Là encore, il casse le moral de la Squadra qui a tout fait pour l’abattre et il rend dingue le public italien qui le conspue de plus belle. À 10 contre 11 (expulsion de Giusti à la 103e), l’Albiceleste tient bon en prolongation (1-1) et déboule pour les tirs au but avec la foi inébranlable en Goycochea. Et Sergio repousse la tentative de Roberto Donadoni ! À 3-3, c’est au tour de Dieguito… Il donne tranquillos l’avantage aux siens d’un ras de terre au milieu qui trompe Walter Zenga : 4-3 ! C’est son premier « but » de la compète. Et là, le rusé Diego explose de joie, courant bras en l’air et sourire extatique, se jeter dans les bras d’un des soigneurs ! Il sait que la série n’est pas finie, mais il fait tout comme. Histoire de bien déstabiliser le prochain tireur italien, Aldo Serena… qui rate ! Goycochea s’est superbement détendu. Quatre ans après Mexico, l’Argentine est à nouveau en finale. Mais à quel prix ! Diego s’est encore enquillé 120 minutes non stop, comme face aux Yougos. Caniggia, Batista, Olarticotchea et Giusti seront suspendus contre l’Allemagne, qualifiée le lendemain à Turin contre l’Angleterre sur le même score qu’à Naples.
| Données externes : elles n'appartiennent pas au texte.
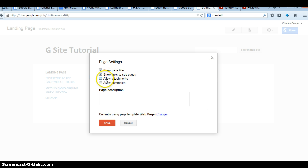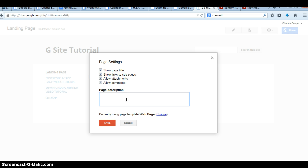So under Page Settings, you can allow attachments, disallow attachments, comments, that kind of stuff, page description. I believe the page description, I haven't used this very often, but I think when the kids navigate to this particular page, the description pops up to let them know what's on the page, and then it fades after five or ten seconds.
Et puis Maradona sombre un peu plus dans sa parano habituelle, convaincu que l’Italie va lui faire payer cette élimination. Avant la finale, un incident le persuadera de cette vilénie, racontera A. Juillard. Son frangin Lalo ayant emprunté une Ferrari, mais sans les papiers du véhicule, se fait serrer par les carabiniers. Ils se rendent direct à Trigoria pour régler l’affaire avec Diego. La confrontation dégénère en insultes et en gnons, provoquant un scandale monstre en Italie.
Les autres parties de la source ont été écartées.